So I got a comment from a guy in Jersey.. Seems he's also trying to build a homebuilt pinball, but he's electrical (I'm mechanical). His blog is over here:
Like most people, he's also tired of Stern's regurgitated pinball layouts (which is honestly sad considering the talent there, steve ritchie, gomez, borg). You just know that Gary Stern has different thoughts on the pinball business than the designers (I.E. he has to make a profit, pay the bills, push the next pinball out the door before code is done). If GOOD pinball is so hard to do in volumes of a couple thousand (or less), then how is it that Jersey Jack is building the most innovative thing pinball has seen in 20 years, and at the price point of a limited edition Stern? Could it be that Stern just has too much overhead?
Anyway, makes me wonder if we could team up.. Or at the very least, if someone like him could provide a CPU/display for someone like me that has everything covered but the logic. Yes, I can buy a P-roc, and good luck trying to program it, much less write a ruleset. The predator guys in michigan might have figured it out, but anything code-related has my brains turned to mush in about 5 minutes.
I know I haven't exactly kept this blog updated (I also have a dead MAME blog)
But I've also been restoring two pinballs (I also run a pinball club, and I need pins to host)
I also have a messy basement, which is just recently getting to the point where I could have guests down there without feeling embarrassed by the mess.
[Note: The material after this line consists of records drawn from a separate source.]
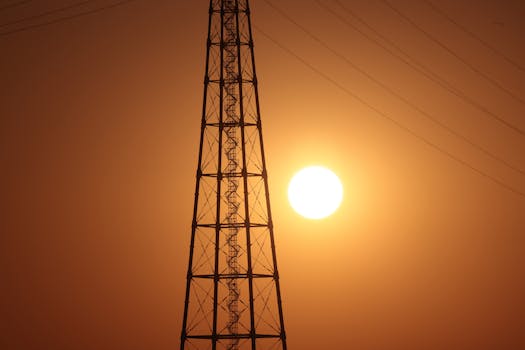 A stunning silhouette of a transmission tower against the vibrant orange sunset sky.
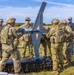 A group of U.S. Army soldiers in MultiCam/OCP camouflage uniforms are assembled around what appears to be a fixed-wing unmanned aerial vehicle (UAV/drone) in an open field. The personnel are engaged in what appears to be assembly, inspection, or pre-launch preparation of the aircraft. One civilian contractor in a dark polo shirt is also present among the military personnel.
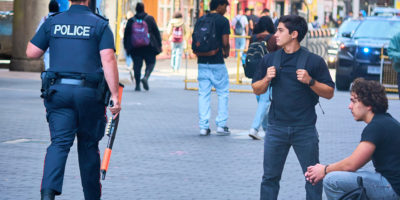 police walking past students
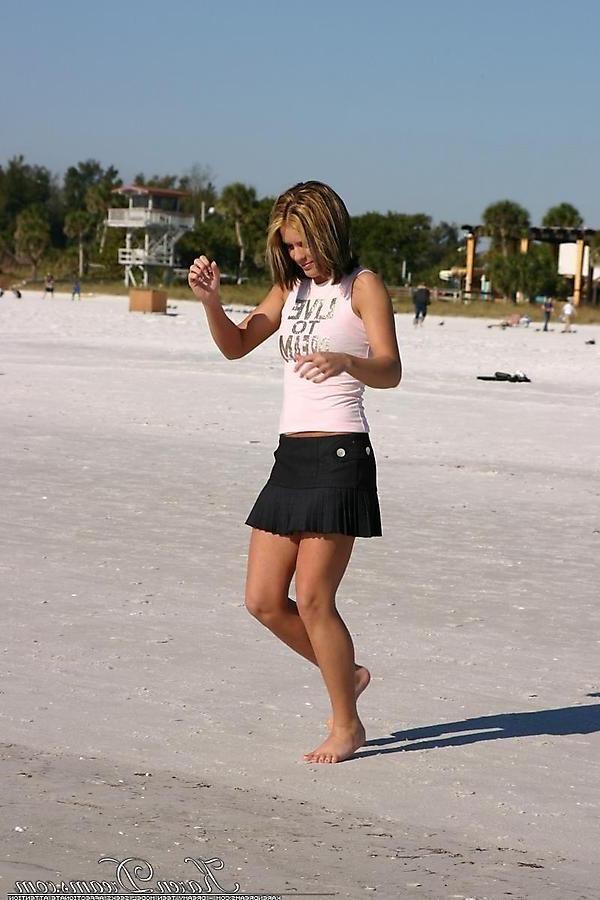 20P Pictures of Karen Dreams showing off her sexy legs on a beach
I'm always thinking about how I want to do mechanisms, even if I haven't drawn a thing. I've actually got the flipper mechanisms modeled up 90% now, and I think it's going to work well. Basically I will have a spring loaded side button that turns a spindle, and that spindle will connect to one, two, however many flippers I want on that side. Potentially (since I have a mechanical actuated motion now), I could have another button act as a master actuator. Say I want to pop something on the playfield, like spose I want to pop a ball up a wire-ramp. Pop a secondary button, and send that ball up the ramp. What's that you say? How can a simple mechanical button press send a ball flying up? Think mechanical advantage! Imagine a see-saw, but the center isn't centered. Put the fulcrum offset, and hit the short end, what happens? The longer side has a much greater arm with greater motion, from a short throw. Now you have some serious thrust!
Any mechanical pins I do will be wood, in fact I've considered doing some sort of inlay design for artwork. I want it to be raw, and feel quality, like an amish built the thing (and I do have amish connections if I ever wanted to produce some), but still have that modern feel.
One thing I want to do for sure once it becomes electrical is use Lexan for the playfield. Might sound crazy, but Lexan is extremely durable, and very stiff (same material clear basketball backglass is made of). It keeps the artwork protected (playfield scratched? buff it out, the artwork is nowhere nearby). Speaking of durable, how many old playfields do you see where paint is flaking from the wood planking? That's the wood absorbing moisture, Lexan can't absorb! Also I've yet to see Lexan strip (unless you REALLY try). How many times do you see playfields with stripped holes?
As other projects finish up, or I find spare time (lunch breaks, sitting at home in front of the computer), I will eventually get some of these mechs finalized and hopefully post some photos of solidworks renderings, maybe even some movies of the mechanisms moving.
Also, here's the logo I came up with if I ever formed a company:
PFA stands for Pinball For All. I want everyone in the world to have the opportunity to play such a wonderful game, and at $8k a piece there are a LOT of people that will never get to play one. Yes, there is the used market, but with people hoarding them in their private collections, even used ones are often going for $1k-$12k depending on rarity.